I want what I want, when I want it, but my sponsor used to say to me that I would get what I would get, when I got it. This business of wanting things goes a long, long way back. Someone once said that they didn’t know what they wanted, but that they knew what they didn’t want. The problem boils down to our wants and our needs, as my sponsor always pointed out to me. He told me that I would have to learn to separate my wants from my needs. He told me that they rarely were the same thing.
Last night, just before I went to sleep, I reread “Freedom from Bondage” for the umpteenth time. What a great story. No wonder I have been compelled to read it so many times. Here is a woman, who wrote so many things I could identify with. Her drinking and alcoholism, of course, but so many other things. Right off the bat, she says about herself that she never did react normally in an emotional situation. The minute I read that, I knew that I never did either. I mean, how many irrational fears did I experience?. How many times did I fly off the handle for the tiniest reason? How many conclusions did I draw, which had no foundation in reality? How many times did I rationalize my actions with how many stupid excuses? How often did I see myself as the victim of everyone else? And how paranoid was I, when I finally did come to this program? She hit the nail right on the head.
And, right up front she talked about her growing up in a manner, where she now was able to see the cause of her real problems. She says that she knew that doctors might say that she was the product of her environment and the things which were done to her growing up. However, she realized that AA would tell her that her problem was really how she reacted to her cicrcumstances. Eighth step.
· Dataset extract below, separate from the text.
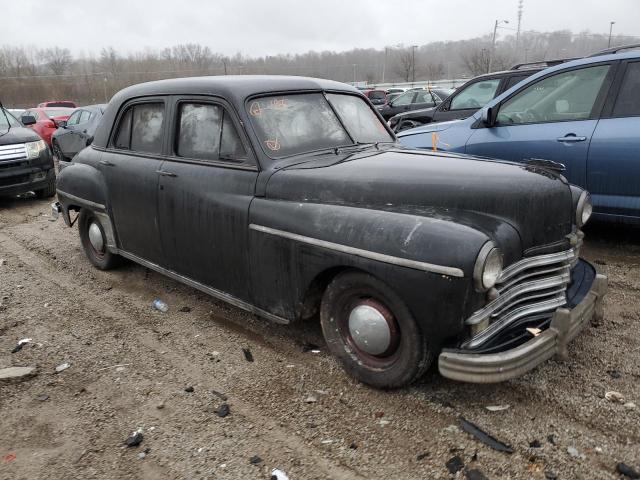 20349490 - 1949 PLYMOUTH SPECIAL DX BLACK photo 4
Her description of her deepest resentment and its solution is classic. I always am drawn back to the steps she took in order to get herself into the sunlight of the spirit. It always reminds me of my sponsor’s question of me; to what lengths was I willing to go to stay sober? Talk about having a spiritual awakening as the result of these steps; here it is so well drawn out.
But, what I was thinking about was her closing. No matter what my wants might have been, I really didn’t know what I wanted. What I really knew is what I didn’t want. But “want” was my middle name. I wanted things which I thought would make me happy. Like her, I wanted success and money. But, like her, I found none of this or other baubles could fill that hole in my center. For that there was only alcohol. There was a time, when the ache of that void would be calmed by alcohol’s release. Then came the time, when alcohol only made it worse. It became the pain and chained me to it. Like her, I didn’t know what would fill that emptiness. Like her, I didn’t know it was God.
Then she concludes that she doesn’t always get what she wants in this program, but that she always gets what she needs. And when she gets what she needs, she always finds that’s what she wanted all along. Me too. The restoration to sanity. I don’t need a drink. Like her, I have God and the program and the help of so many people, just like me.